There are simple steps businesses can follow to protect their data. First, ensure that every data protection system you employ follows the 3-2-1 rule. So many problems can be avoided if people were to simply do that. For example, they wouldn’t ask if they should back up SaaS or IaaS services if they looked at this rule. If you don’t back up these services, your data will be stored in one place by one service. It’s a disaster waiting to strike.

You can also adopt a cloud-centric protection solution. Today’s modern applications that your company might already be using (like Slack, Office365, Salesforce) rely on cloud components and cloud storage, meaning a cloud-centric backup solution is ideal for protecting the application in its entirety. 
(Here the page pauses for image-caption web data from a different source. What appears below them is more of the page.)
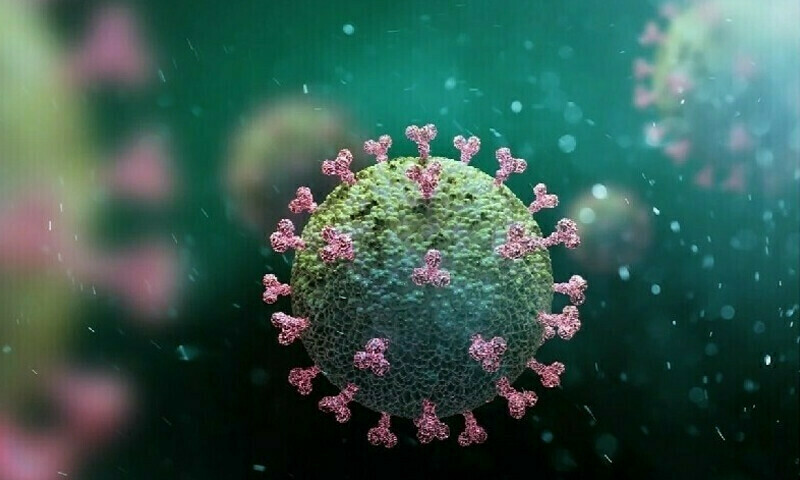 — فائل فوٹو: شٹر اسٹاک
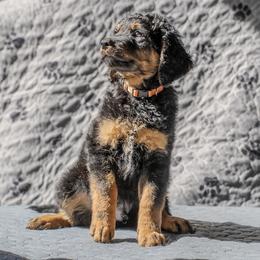 Goldendoodle Puppies from New Caney Doodles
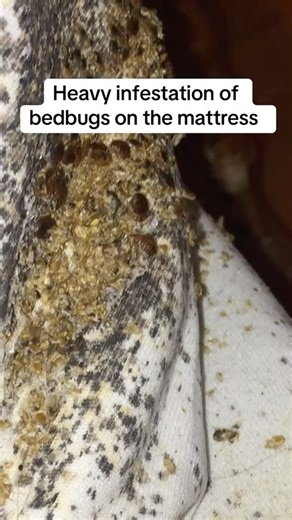 Peski on Instagram: "Another day, another infestation 😤 been seeing jobs like this for years — but the way customers find pest control is broken. We’re building something to fix it. 🔧 For techs. 🧠 For reps. ⚡️ For customers who need professional help fast. If you want early access DM me “PESKI”"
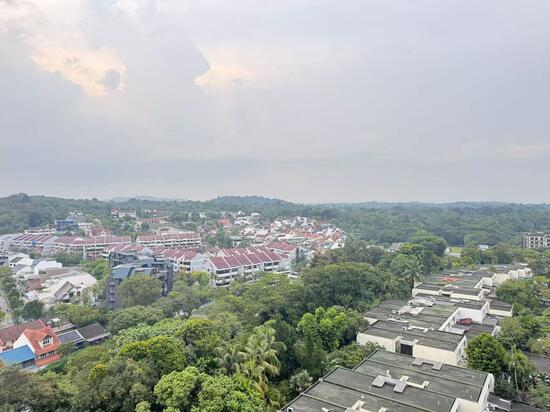 THOMSON VIEW CONDOMINIUM photo 3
Many cloud providers operate in multiple regions, making it much easier to comply with local regulations. In addition, cloud flexibility has the added bonus of running operations, including recreating environments from a point in time for AI reproduction or disaster recovery and identifying strange patterns cropping up in the backup data to detect the potential risk of cyber-attacks.

Additionally, businesses need to consider adopting SaaS tools to support the improvement of data protection. A lot of people avoid backup solutions because they think it’s a waste of time. “I don’t have the time to do it all myself” is a common phrase we hear. But the point is backups are the perfect service to be run by an expert in that field. SaaS providers can really add value to businesses by setting up a centralized process around cloud, compliance, and regulations. 

A SaaS solution gives you access to experts in that field who can support you in efficiently managing data, as well as ensuring its protection and security from cybercriminals, technical damage — or indeed, an accident like the fire at Joe Exotic’s zoo. Privacy and security will remain crucial in backing up as small data sprawl grows. Companies are at a greater risk than they used to be of cyber-attacks, simply because there is more data available and across more devices. SaaS tools are vital in automating several otherwise complex processes, freeing up the hands of both the business and employees — to focus on more value-added and time-consuming tasks. 

Learn from Tiger King — don’t store all your data in one place. Stick to the basics of the 3-2-1 rule and make sure it’s on multiple pieces of media, and one of them is offsite. The easiest way to do that for most businesses is a SaaS-based data protection solution. Use this time of upheaval to re-examine some of your base practices; you might be pleasantly surprised.